Au milieu du 19ième siècle, l'arrivée des chemins de fer dans la région de Québec créera de grands changements. En effet, ce nouveau moyen de transport viendra révolutionner le déplacement des produits et des personnes, créant ainsi un concurrent de taille pour les compagnies de navigation.
En quelques années seulement, la rive sud ressemblait à une vraie toile d'araignée composée par de grandes voies ferrées comme le "Grand-Tronc Railway", le Canadien National et j'en passe.
De son côté, Québec caresse depuis longtemps " le rêve de devenir le véritable carrefour du transport d'envergure nationale; cependant, le fleuve Saint-Laurent constitue un obstacle de taille pour les différentes compagnies ferroviaires "(1)
EN 1851, l'ingénieur Edward William sera mandaté par la ville de Québec afin d'effectuer une étude pour la construction d'un pont à Québec. Suite à la remise de son rapport, résultat de son étude, il y sera clairement inscrit que Québec ne peut pas se priver de chemin de fer. S'il en reste ainsi, des villes rivales sur la rive sud s'élèveront au détriment des commerces de l'ancienne capitale.
Afin de résoudre ce problème jusqu'à la réalisation d'un pont, des traversiers-rail comme le "Léonard", bateau à vapeur de grande puissance, sillonneront le Saint-Laurent afin de pourvoir aux différents besoins de la ville de Québec.
Vers le milieu du 19ième siècle, plusieurs ingénieurs et organismes ont tenté de faire accepter leur projet d'un pont entre la rive sud et la rive nord, mais sans succès.

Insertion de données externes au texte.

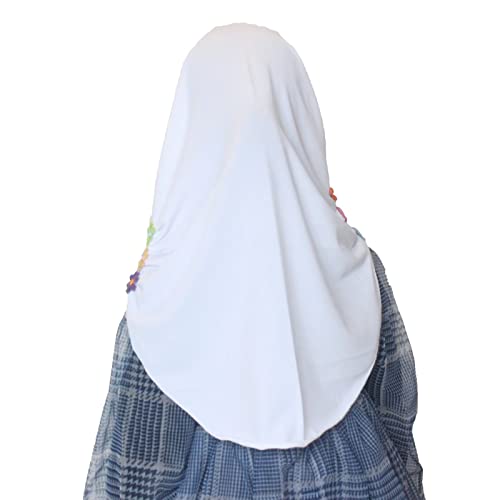 Instant Hijab for Kids Girls Muslim Headscarf Islamic Scarf with Flowers Soft3
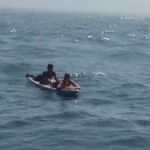 Los dos inmigrantes que han llegado a Tarifa en una tabla de windsurf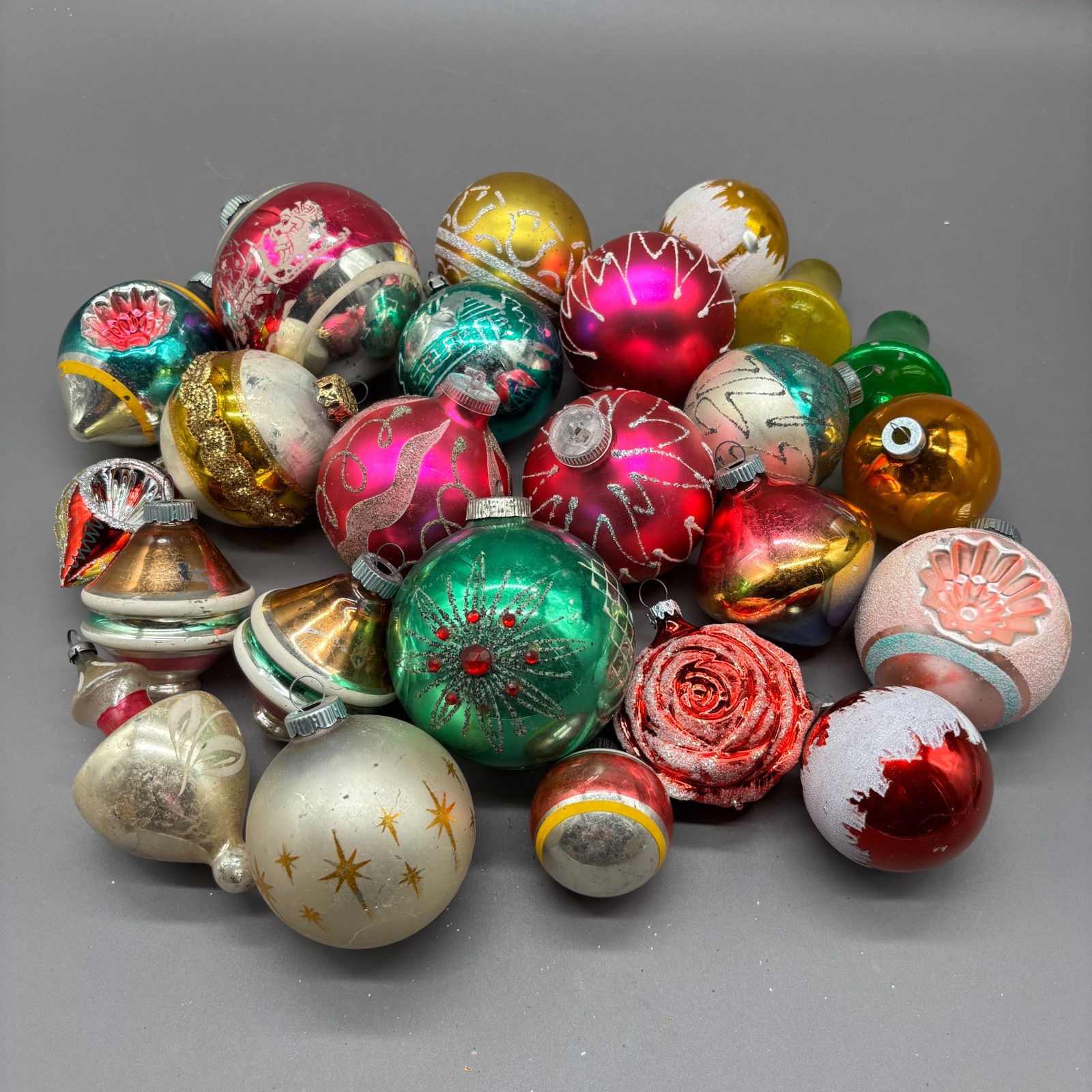 Vintage Shiny Brite West Germany Glass Christmas Ornaments Atomic Reflector Lot
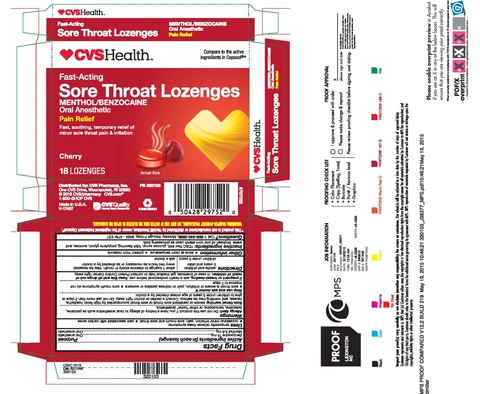 cherry sore throat lozenge packaging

Certain projet pourtant s'était rendu au stade des études de faisabilité mais, l'ampleur de la tâche en découragea plus d'un.

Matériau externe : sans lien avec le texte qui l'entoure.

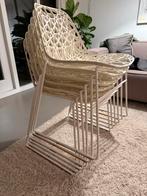 6 Crassevig Nett eetkamerstoelen - sledepoot, Ophalen, Kunststof, Gebruikt, Wit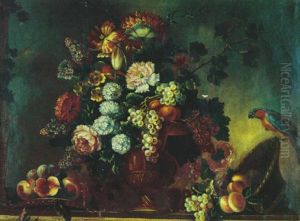 Bouquet De Fleurs Et Fruits Sur Un Entablement by Pierre Nicolas Huilliot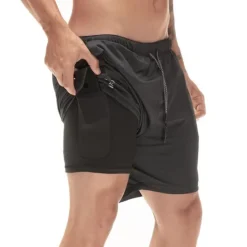 OUKU Men's Sports Outdoor Athletic Breathable Quick Dry Moisture Wicking 2 in 1 with Phone Pocket Liner Solid Colored Activewear Dark Grey Black Stretchy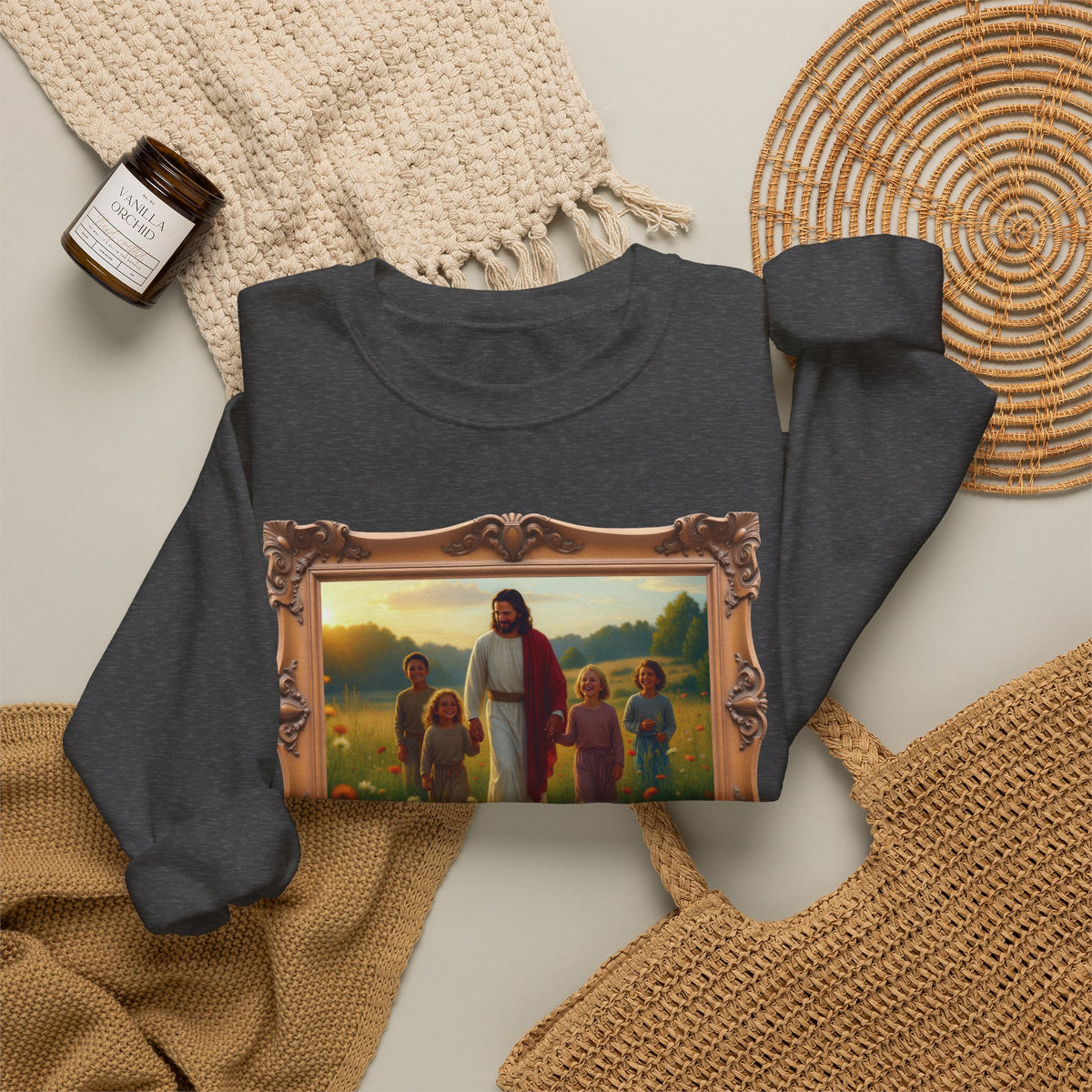 Jesus with Children in Wildflowers - Framed | Crewneck Sweatshirt | Christian Art | Faith-Inspired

Il faudra attendre la création de la " Compagnie du pont de Québec ", fondé en 1887 et plus tard appelée " La compagnie du pont et des chemins de fer nationaux du Canada ", pour voir des actions concrètes dans le projet de construction d'un ouvrage au-dessus du fleuve. Cette companie sera fondée et présidée par le maire de Québec, Monsieur Simon Napoléon Parent.
À l'automne 1888, quelques mois après son incorporation, la compagnie du pont de Québec engage divers ingénieurs avec le mandat d'étudier tous les sites possibles d'implantation d'un pont, ainsi que divers types de ponts. Le premier d'entre eux, l'ingénieur Hoare, arrive aux conclusions qu'il n'existe que trois endroits où l'on pourrait envisager la construction d'un pont: le cap diamant, La Pointe-à-Pizeau près de Sillery et un dernier site, près de l'embouchure de la rivière Chaudière.
Il ajoute à son étude qu'un pont, construit devant Québec pourrait être mal vue du point de vue militaire, car sa situation nuirait aux avantages de la citadelle. De plus un pont à cet endroit nuirait également à la valeur foncière des propriétés environnantes. Il précise également ce qui pourrait être un emplacement idéal: près de la rivière Chaudière. Ce site offre l'avantage d'une construction plus économique que les deux autres; quand au type de pont qui a retenu son attention, il suggère le type Cantilever.
Un an plus tard, l'ingénieur Bonnin remet le résultats de ses études; il retiendra un site devant la ville de Québec et deux sites à l'Île d'Orléans; lui aussi opte pour un pont Cantilever.
En 1891, la compagnie du Pont demande une étude aux établissements Eiffel de Paris, constructeur de la célèbre tour du même nom. Il en arrive aux conclusions que le meilleur site serait devant Québec, et le meilleur pont un Cantilever.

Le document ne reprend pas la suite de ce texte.